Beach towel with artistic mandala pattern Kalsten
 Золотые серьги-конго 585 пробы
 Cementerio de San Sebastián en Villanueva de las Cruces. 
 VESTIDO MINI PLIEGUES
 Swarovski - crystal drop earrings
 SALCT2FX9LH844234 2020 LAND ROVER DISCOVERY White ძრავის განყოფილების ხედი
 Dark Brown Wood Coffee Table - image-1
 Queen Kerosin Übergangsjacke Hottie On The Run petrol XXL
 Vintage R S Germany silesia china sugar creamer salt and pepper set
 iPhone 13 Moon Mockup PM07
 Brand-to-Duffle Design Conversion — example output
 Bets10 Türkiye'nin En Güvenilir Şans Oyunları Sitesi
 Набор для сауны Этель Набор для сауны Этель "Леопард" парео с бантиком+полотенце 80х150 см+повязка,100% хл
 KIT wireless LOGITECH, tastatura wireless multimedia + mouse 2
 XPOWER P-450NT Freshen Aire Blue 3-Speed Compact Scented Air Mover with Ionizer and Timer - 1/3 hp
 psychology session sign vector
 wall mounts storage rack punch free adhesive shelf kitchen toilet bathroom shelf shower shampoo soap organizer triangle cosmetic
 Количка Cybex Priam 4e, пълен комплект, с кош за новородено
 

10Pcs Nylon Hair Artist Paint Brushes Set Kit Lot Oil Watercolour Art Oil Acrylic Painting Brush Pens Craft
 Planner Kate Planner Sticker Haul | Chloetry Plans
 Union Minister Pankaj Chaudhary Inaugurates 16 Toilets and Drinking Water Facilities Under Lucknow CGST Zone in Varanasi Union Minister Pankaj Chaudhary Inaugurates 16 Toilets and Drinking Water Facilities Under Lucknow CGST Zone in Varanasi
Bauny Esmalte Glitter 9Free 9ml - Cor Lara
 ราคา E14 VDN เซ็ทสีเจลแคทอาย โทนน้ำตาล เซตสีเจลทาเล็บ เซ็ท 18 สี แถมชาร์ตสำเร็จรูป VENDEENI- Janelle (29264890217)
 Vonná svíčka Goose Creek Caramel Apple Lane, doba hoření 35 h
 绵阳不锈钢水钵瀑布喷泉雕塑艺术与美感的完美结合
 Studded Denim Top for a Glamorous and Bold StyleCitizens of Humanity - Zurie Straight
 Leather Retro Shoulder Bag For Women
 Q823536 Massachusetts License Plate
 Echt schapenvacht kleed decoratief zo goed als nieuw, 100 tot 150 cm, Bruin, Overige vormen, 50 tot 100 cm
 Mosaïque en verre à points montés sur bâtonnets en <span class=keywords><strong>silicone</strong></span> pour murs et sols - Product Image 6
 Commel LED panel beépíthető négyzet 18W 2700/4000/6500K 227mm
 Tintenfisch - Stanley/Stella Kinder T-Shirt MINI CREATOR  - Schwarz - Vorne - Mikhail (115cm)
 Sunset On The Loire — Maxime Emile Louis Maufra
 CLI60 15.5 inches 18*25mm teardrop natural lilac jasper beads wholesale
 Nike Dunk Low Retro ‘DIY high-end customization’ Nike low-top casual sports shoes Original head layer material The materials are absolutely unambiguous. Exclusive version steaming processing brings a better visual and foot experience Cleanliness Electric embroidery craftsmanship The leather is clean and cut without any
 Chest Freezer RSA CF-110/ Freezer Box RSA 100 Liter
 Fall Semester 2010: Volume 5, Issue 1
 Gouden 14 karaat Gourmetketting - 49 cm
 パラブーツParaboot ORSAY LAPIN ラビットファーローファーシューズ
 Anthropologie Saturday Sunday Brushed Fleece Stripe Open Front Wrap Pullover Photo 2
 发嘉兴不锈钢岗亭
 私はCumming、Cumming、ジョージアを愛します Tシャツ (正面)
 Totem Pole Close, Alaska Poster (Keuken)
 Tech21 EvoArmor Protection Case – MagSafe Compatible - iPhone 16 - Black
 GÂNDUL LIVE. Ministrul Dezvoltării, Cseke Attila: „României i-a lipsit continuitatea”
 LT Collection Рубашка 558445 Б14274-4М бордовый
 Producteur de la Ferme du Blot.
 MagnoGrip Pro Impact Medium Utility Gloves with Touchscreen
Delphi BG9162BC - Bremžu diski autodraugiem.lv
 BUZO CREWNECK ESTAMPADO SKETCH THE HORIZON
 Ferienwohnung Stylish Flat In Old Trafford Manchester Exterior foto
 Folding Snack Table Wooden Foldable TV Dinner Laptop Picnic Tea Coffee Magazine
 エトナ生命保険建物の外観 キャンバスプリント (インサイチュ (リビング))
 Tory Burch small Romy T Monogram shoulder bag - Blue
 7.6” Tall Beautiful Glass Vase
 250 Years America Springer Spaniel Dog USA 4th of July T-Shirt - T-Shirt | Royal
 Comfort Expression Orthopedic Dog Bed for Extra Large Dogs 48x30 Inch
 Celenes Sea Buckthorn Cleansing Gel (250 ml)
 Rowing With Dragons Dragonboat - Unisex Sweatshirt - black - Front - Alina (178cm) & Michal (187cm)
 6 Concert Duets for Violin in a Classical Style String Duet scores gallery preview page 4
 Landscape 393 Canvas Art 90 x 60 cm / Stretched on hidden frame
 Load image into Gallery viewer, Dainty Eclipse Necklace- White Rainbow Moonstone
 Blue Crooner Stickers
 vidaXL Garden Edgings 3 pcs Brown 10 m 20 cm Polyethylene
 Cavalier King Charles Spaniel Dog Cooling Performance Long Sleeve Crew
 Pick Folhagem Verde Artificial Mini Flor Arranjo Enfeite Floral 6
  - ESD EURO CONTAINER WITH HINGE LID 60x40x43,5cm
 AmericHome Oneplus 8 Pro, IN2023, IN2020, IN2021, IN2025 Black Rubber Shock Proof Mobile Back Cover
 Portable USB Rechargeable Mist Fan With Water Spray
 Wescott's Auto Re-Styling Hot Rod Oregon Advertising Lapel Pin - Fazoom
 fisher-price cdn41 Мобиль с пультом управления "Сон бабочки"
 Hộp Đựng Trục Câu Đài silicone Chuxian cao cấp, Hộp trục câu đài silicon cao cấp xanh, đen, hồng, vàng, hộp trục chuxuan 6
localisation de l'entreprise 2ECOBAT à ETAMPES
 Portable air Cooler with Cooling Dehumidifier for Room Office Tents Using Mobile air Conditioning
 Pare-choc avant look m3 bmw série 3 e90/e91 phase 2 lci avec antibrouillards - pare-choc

## Your objective
Beginning with the top line of the data above, output every line exactly until the one that contains "iPhone 13 Moon Mockup PM07", and include that one too.

## Exercise answer
Beach towel with artistic mandala pattern Kalsten
 Золотые серьги-конго 585 пробы
 Cementerio de San Sebastián en Villanueva de las Cruces. 
 VESTIDO MINI PLIEGUES
 Swarovski - crystal drop earrings
 SALCT2FX9LH844234 2020 LAND ROVER DISCOVERY White ძრავის განყოფილების ხედი
 Dark Brown Wood Coffee Table - image-1
 Queen Kerosin Übergangsjacke Hottie On The Run petrol XXL
 Vintage R S Germany silesia china sugar creamer salt and pepper set
 iPhone 13 Moon Mockup PM07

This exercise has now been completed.